主な自己破産のデメリットは以下の通りです。
- お金の借り入れできなくなる
- 車(など)のローン組めなくなる
- 分割払いでのスマホの購入ができなくなる
- クレジットカードの利用・発行ができなくなる
- 誰かの保証人になることができなくなる
これらはブラックリストが影響して生じる制限です。
制限は時間の経過とともに解除(自己破産後5-10年程度)されるので、いずれはお金を借りたりローンを組んだりできるようになります。
また、お金に関連する以外にも自己破産の手続き期間中は、以下の行為も制約されます。
- 特定の債権者への返済
- 引っ越し
- 一定の職業に就くこと
- 官報に掲載される
特定の債権者への返済は偏波(へんぱ)弁済といって、ほかの債権者の不公平に繋がるためルール違反です。裁判所の許可を得れば、引っ越しはできます。一定の職業の代表例は、保険外交員や警備員です。
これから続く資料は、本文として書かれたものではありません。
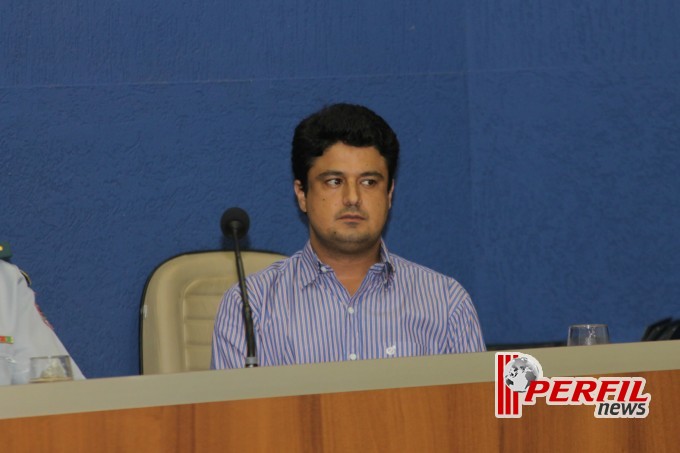 Vereador Tonhão presta homenagens na Câmara Municipal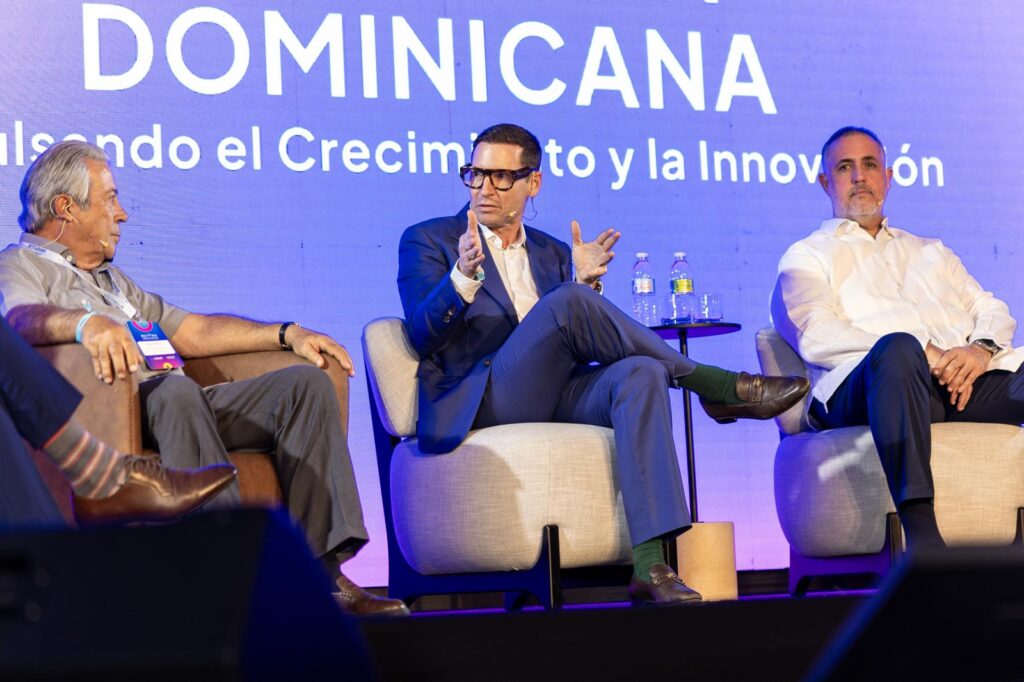 De Valle II asegura inversionistas tienen ojos puestos turismo Dominicana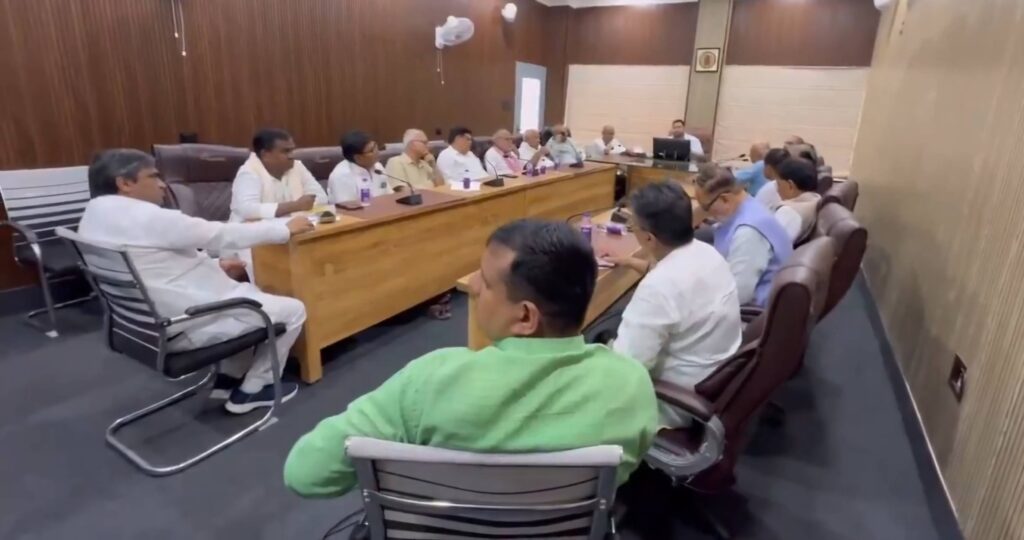 60 सीट पर तेजस्वी यादव से बिगड़ रही बात? पटना में महागठबंधन की बैठक छोड़ दिल्ली पहुंचे मुकेश सहनी 1 96kcpGoFbT2NkuYa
なお、これらは手続き期間中にのみ問題となる制限なので、自己破産の免責がおりれば解除されます。
また、官報とは国が発行する新聞のようなものです。自己破産をすると官報に破産者の氏名と住所が掲載されます。しかし官報を見る一般人などほとんどいないので、官報が理由で自己破産の事実がバレる可能性はほぼ無いと思って構いません。
自己破産の費用
自己破産の費用について解説します。自己破産の費用は同時廃止事件になるか管財事件になるかで流れが大きく異なり、かかる費用にも大きな差が生まれます。
一般的に、自己破産の費用の相場は30万円~100万円程度とされています。金額の開きが大きいように感じるかもしれませんが、自己破産は、同時廃止事件になるか管財事件になるかで、かかる費用に大きな差が生まれるため相場の特定がしづらいのです。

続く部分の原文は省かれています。